Testing Email in CI with GitHub Actions

Send from your test suite through send.smtp.dev, poll the REST API for the message, and assert on subject and body. Works on any CI.

Your code sends over plain SMTP, your test reads the result over the API. send.smtp.dev delivers only to accounts in your sandbox, so test emails can't reach anyone real.

One-Time Setup

Create a sender and a receiver account

On the Accounts page or via the API - e.g. ci@example.com and user@example.com.

Create an API token

On the API Keys page. The token is shown once.

Store the secrets in your repository

SMTP_DEV_API_KEY (the token) and SMTP_DEV_PASSWORD (the sender account's password) under Settings → Secrets and variables → Actions.

The Test

Point your app's SMTP transport at the sandbox. With nodemailer:

import nodemailer from 'nodemailer'

const transport = nodemailer.createTransport({
  host: 'send.smtp.dev',
  port: 587,
  requireTLS: true,
  auth: { user: 'ci@example.com', pass: process.env.SMTP_DEV_PASSWORD },
})

Then assert on what arrived:

import assert from 'node:assert'
import { test } from 'node:test'

const API = 'https://api.smtp.dev'
const headers = { 'X-API-KEY': process.env.SMTP_DEV_API_KEY }

async function api(path) {
  const res = await fetch(API + path, { headers })
  assert.ok(res.ok, `${path} returned ${res.status}`)
  return res.json()
}

async function inboxOf(address) {
  const { member } = await api(`/accounts?address=${encodeURIComponent(address)}`)
  const account = member.find(a => a.address === address)
  const { id, mailboxes } = await api(`/accounts/${account.id}`)
  return { accountId: id, mailboxId: mailboxes.find(m => m.path === 'INBOX').id }
}

async function waitForMessage({ accountId, mailboxId }, match, timeout = 30_000) {
  const deadline = Date.now() + timeout
  while (Date.now() < deadline) {
    const { member } = await api(`/accounts/${accountId}/mailboxes/${mailboxId}/messages`)
    const found = member.find(match)
    if (found)
      return api(`/accounts/${accountId}/mailboxes/${mailboxId}/messages/${found.id}`)
    await new Promise(resolve => setTimeout(resolve, 2000))
  }
  throw new Error(`no matching message after ${timeout}ms`)
}

test('welcome email', async () => {
  const subject = `Welcome ${Date.now()}`
  await transport.sendMail({
    from: 'ci@example.com',
    to: 'user@example.com',
    subject,
    text: 'Confirm your address: https://example.com/confirm/abc123',
  })

  const inbox = await inboxOf('user@example.com')
  const message = await waitForMessage(inbox, m => m.subject === subject)

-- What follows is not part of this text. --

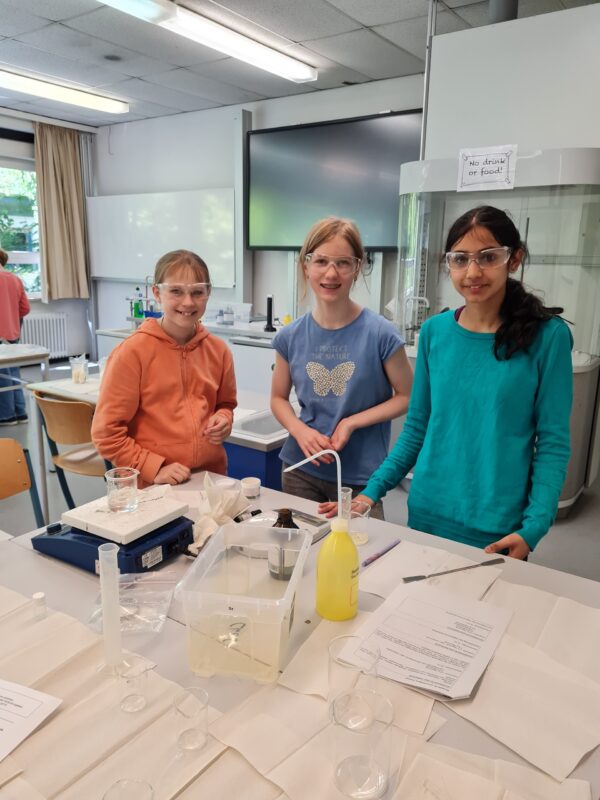 Drei Mädchen mit Schutzbrillen stehen an einem Labortisch, auf dem Bechergläser, ein Messzylinder, Papiere und andere Laborutensilien liegen, und lächeln in einem hellen Naturwissenschaftsraum in die Kamera.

  assert.equal(message.from.address, 'ci@example.com')
  assert.match(message.text, /\/confirm\//)
})

Put a unique value in the subject (a timestamp, the commit SHA). Parallel runs share the inbox, and List Messages returns 30 messages per page, newest first.

The Workflow

name: email-tests
on: push

jobs:
  test:
    runs-on: ubuntu-latest
    steps:
      - uses: actions/checkout@v5
      - uses: actions/setup-node@v4
        with:
          node-version: 24
      - run: npm ci
      - run: npm test
        env:
          SMTP_DEV_API_KEY: ${{ secrets.SMTP_DEV_API_KEY }}
          SMTP_DEV_PASSWORD: ${{ secrets.SMTP_DEV_PASSWORD }}

Nothing here is GitHub-specific. Jenkins, GitLab CI, CircleCI: same two env vars, same SMTP host, same API.

Messages stay for your plan's retention window, or until you delete them. Unique subjects keep old runs out of the way; delete messages after each test if you'd rather keep inboxes empty.